Reference is made to the stock exchange releases on 22 November 2018 and 16 January 2019 regarding Orkla’s tender offer to purchase all of the issued and outstanding shares in Kotipizza Group Oyj («Kotipizza» and the “Tender Offer”).
22 November 2018: Orkla seeks to acquire Kotipizza >
16 January 2019: Preliminary results of Orkla’s tender offer for Kotipizza >
According to the final results of the Tender Offer, the shares tendered in the Tender Offer, together with the total of 762,597 shares in Kotipizza acquired by Orkla through market purchases, represent approximately 98.59% of all the shares and votes in Kotipizza.
All conditions, including the condition related to Orkla achieving ownership of more than 90% of all shares and votes in Kotipizza, are now fulfilled. Thus, Orkla will complete the Tender Offer in accordance with its terms and conditions.
It is Orkla’s intention to acquire all the shares in Kotipizza, and as such, Orkla will proceed with a subsequent offer period and compulsory redemption proceedings for the remaining Kotipizza shares. Orkla may purchase shares in Kotipizza during or after the offer period also in public trading on Nasdaq Helsinki or otherwise outside the Tender Offer.
Orkla is a leading supplier of branded consumer goods and concept solutions to the consumer, out-of-home and bakery markets in the Nordics, Baltics and selected markets in Central Europe and India. Orkla is listed on the Oslo Stock Exchange and its head office is in Oslo. In 2017, the Group had a turnover of NOK 40 billion, and approximately 18,000 employees as of 31 December 2017.
Oslo, 17 January 2019
Group Director Corporate Communications and Corporate Affairs
Tel.: +47 928 45 828
SVP Investor Relations
Tel.: +47 48 25 96 18
Tel: +358 20785 4002
Tel: +358 207 716 743
CFO and Deputy to the CEO
Tel: +358 207 716 747
U.S. shareholders are advised that the shares of Kotpizza Group Oyj are not listed on a U.S. securities exchange and that Kotipizza Group is not subject to the periodic reporting requirements of the U.S. Securities Exchange Act of 1934 (the “Exchange Act”), and is not required to, and does not, file any reports with the U.S. Securities and Exchange Commission (the “SEC”) thereunder. The tender offer will be made to Kotipizza Group’s shareholders resident in the United States on the same terms and conditions as those made to all other shareholders of Kotipizza Group to whom an offer is made. Any information documents are being disseminated to U.S. shareholders on a basis comparable to the method that such documents are provided to Kotipizza Group’s other shareholders.

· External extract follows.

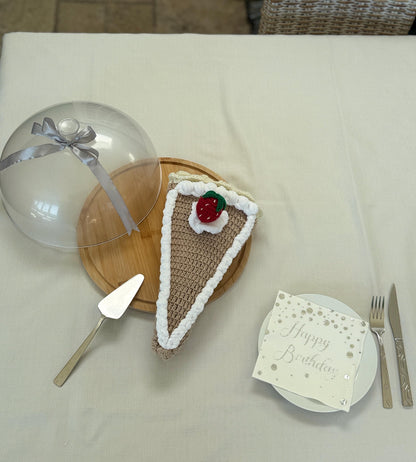 Crochet Cake Slice Blanket: Handmade Dessert Throw - Strawberry, Cherry, Oreo, Floral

The tender offer will be made in the United States pursuant to Section 14(e) and Regulation 14E under the Exchange Act as a “Tier II” tender offer, and otherwise in accordance with the requirements of Finnish law. Accordingly, the tender offer will be subject to disclosure and other procedural requirements, including with respect to the offer timetable, settlement procedures and timing of payments that are different from those applicable under U.S. domestic tender offer procedures and law.
To the extent permissible under applicable law or regulations, Orkla and its affiliates or brokers (acting as agents for Orkla or its affiliates, as applicable) may from time to time, and other than pursuant to the tender offer, directly or indirectly, purchase or arrange to purchase, the shares of Kotipizza Group or any securities that are convertible into, exchangeable for or exercisable for such shares of Kotipizza Group. To the extent information about such purchases or arrangements to purchase is made public in Finland, such information will be disclosed by means of a press release or other means reasonably calculated to inform U.S. shareholders of Kotipizza Group of such information. In addition, the financial advisers to Orkla may also engage in ordinary course trading activities in securities of Kotipizza Group, which may include purchases or arrangements to purchase such securities.
Neither the SEC nor any U.S. state securities commission has approved or disapproved the tender offer or passed any comment upon the adequacy or completeness of any tender offer document. Any representation to the contrary is a criminal offence in the United States.